## WORK TASK
Restate the listing that follows word for word, without its pictures.

## SUPPLIED DATA
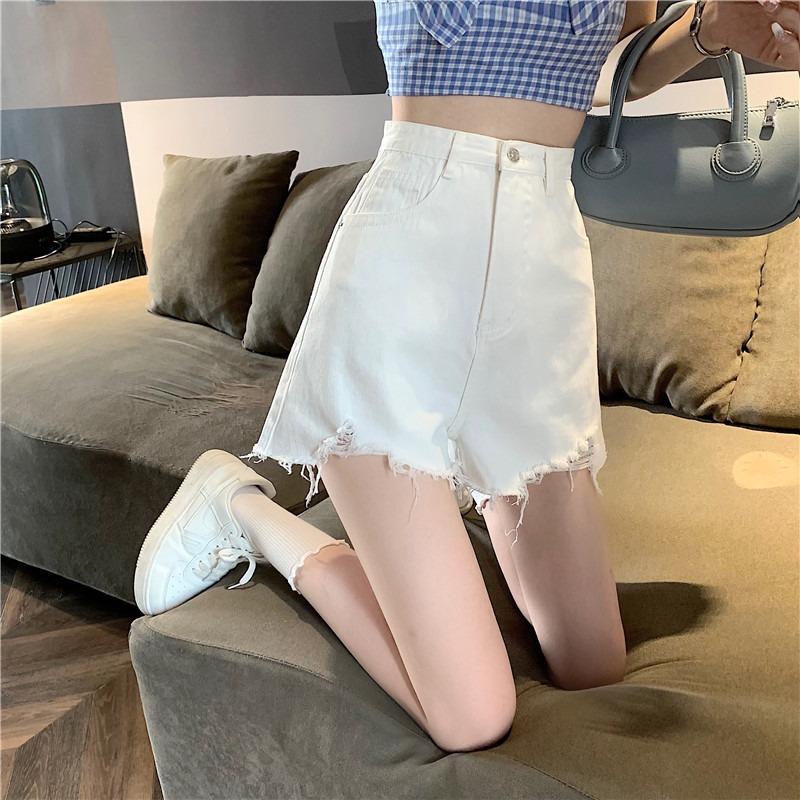 White Ripped high-waisted skinny hot pants spicy broad leg jeans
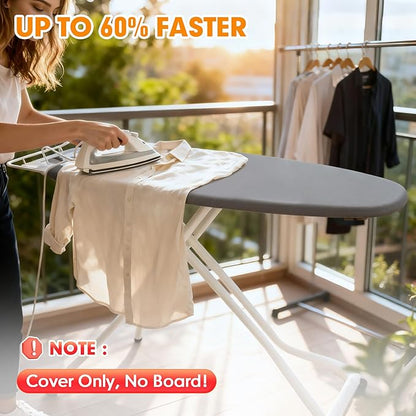 Ironing Board Cover and Pad, 18x49 Extra Wide Thick Iron Padding, Scorch & - Image 2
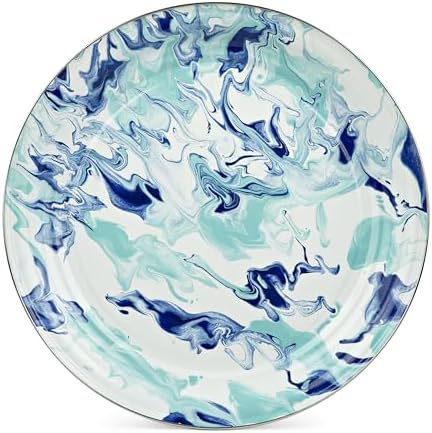 Golden Rabbit Enamelware Large Serving Tray, 20 inch, Lagoon by GoldenRabbitEnamelware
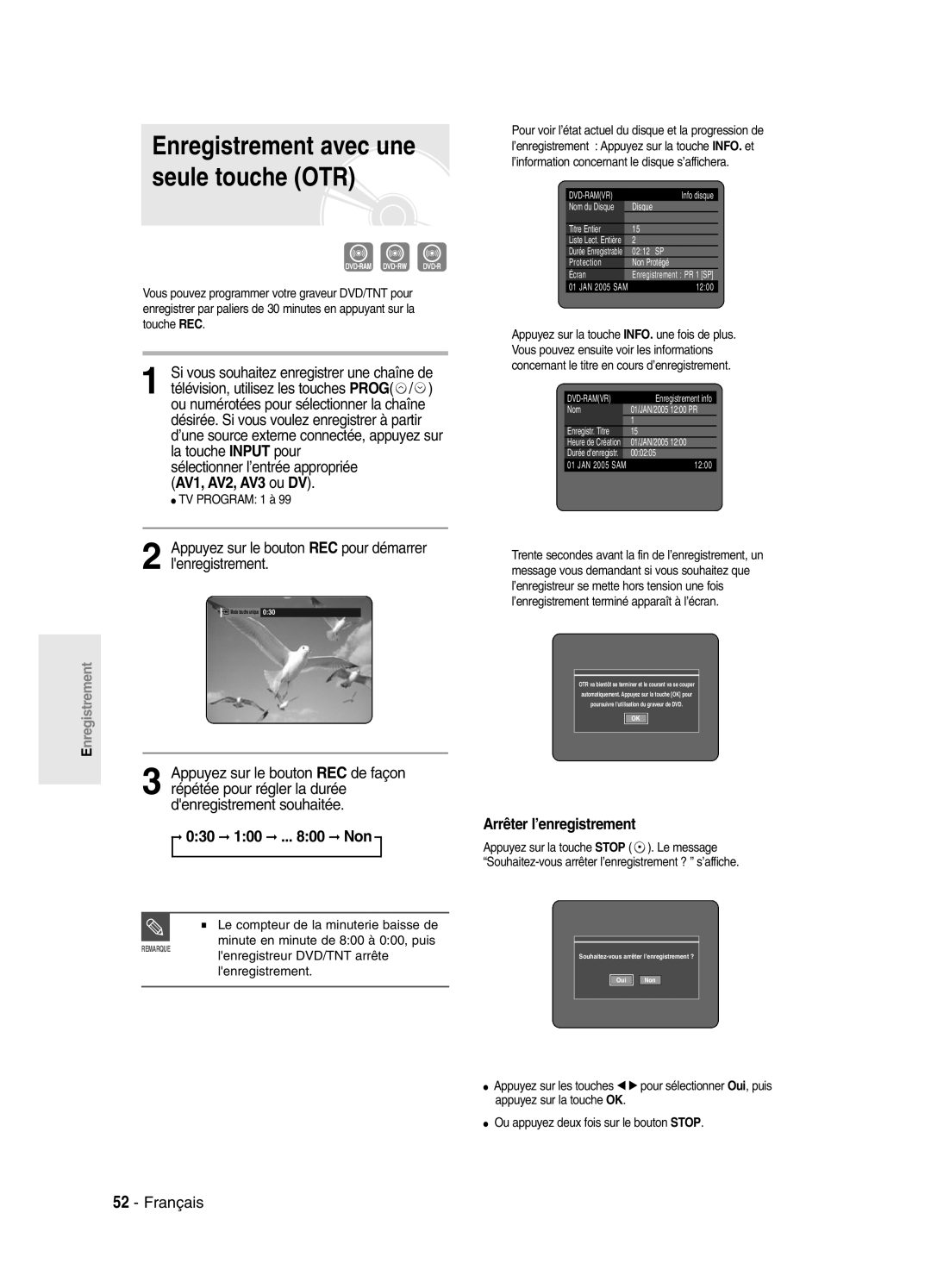 Samsung DVD-SR420/XEF Enregistrement avec une seule touche OTR, Appuyez sur le bouton REC pour démarrer lenregistrement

## WRITTEN REPLY
 White Ripped high-waisted skinny hot pants spicy broad leg jeans
 Ironing Board Cover and Pad, 18x49 Extra Wide Thick Iron Padding, Scorch & - Image 2
 Golden Rabbit Enamelware Large Serving Tray, 20 inch, Lagoon by GoldenRabbitEnamelware
 Samsung DVD-SR420/XEF Enregistrement avec une seule touche OTR, Appuyez sur le bouton REC pour démarrer lenregistrement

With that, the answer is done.